XRP has experienced strong price performance in recent weeks, climbing over 12% in the past month and reclaiming notable price levels.
However, as of the latest trading session, the asset is showing signs of correction. At the time of writing, XRP is valued at $3.17, representing a 1.2% decline over the past 24 hours from its recent high of roughly $3.22.
The end of the case removed a significant source of uncertainty for the asset and sparked immediate price gains. However, on-chain data suggests that the rally may have been driven more by shifts within the existing investor base rather than by new market participation.
Exchange flow data offers additional insight. Both Binance and Upbit recorded notable spikes in depositing addresses just before and immediately after the SEC case outcome was announced. Historically, such inflow surges can signal that traders are positioning for profit-taking or short-term speculation.
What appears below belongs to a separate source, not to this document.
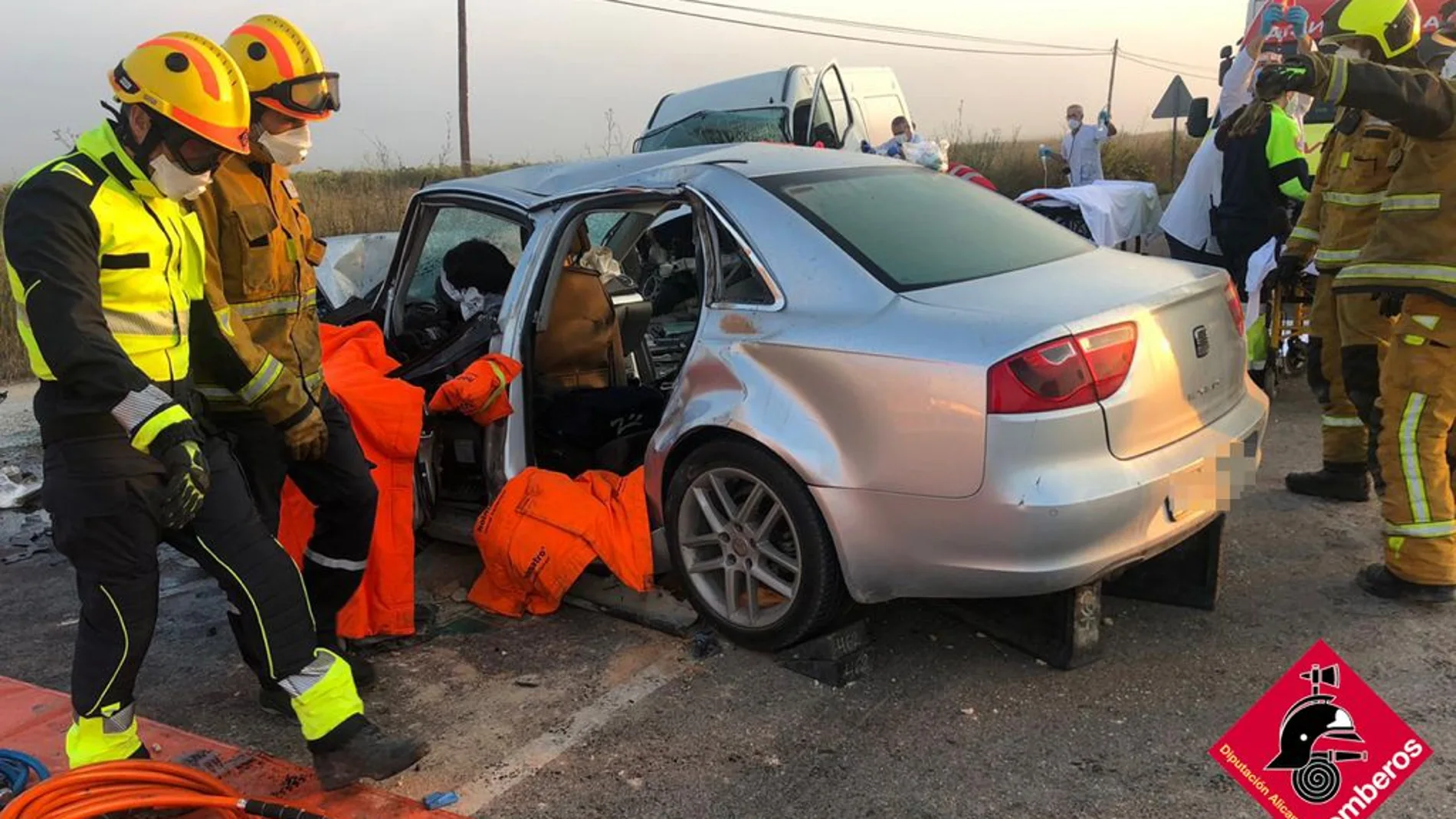Mueren dos personas y otras cuatro resultan heridas en un accidente de tráfico en Alicante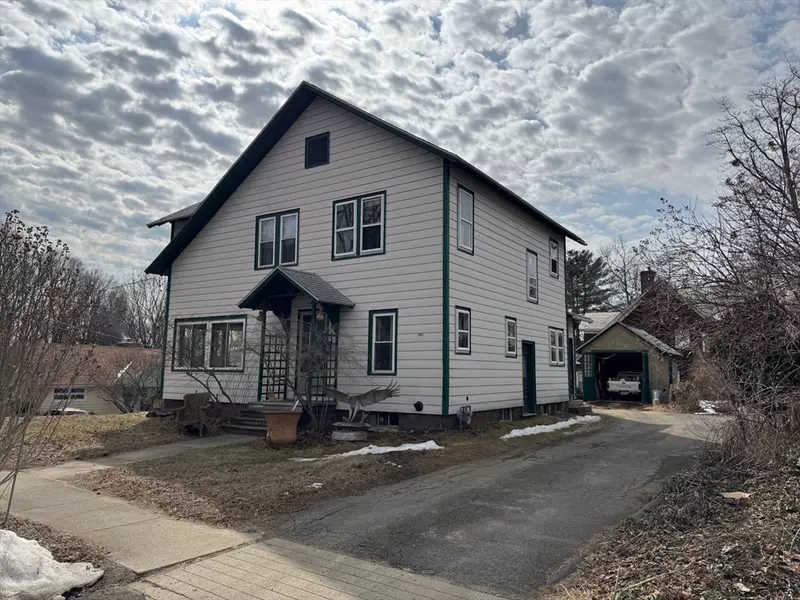 84 Congress St, Greenfield, MA 01301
Changes in exchange reserves further illustrate the evolving market structure for XRP. After a period of decline, Binance’s XRP holdings have been increasing again, while Upbit’s reserves have maintained a steady upward trend.
This reflects a growing role for the Asian market in supporting XRP trading volume. Conversely, OKX now holds almost no XRP, suggesting that most of its reserves have been withdrawn from the exchange.
If exchange reserves continue to build rapidly, the probability of a short-term correction could increase, especially if profit-taking accelerates.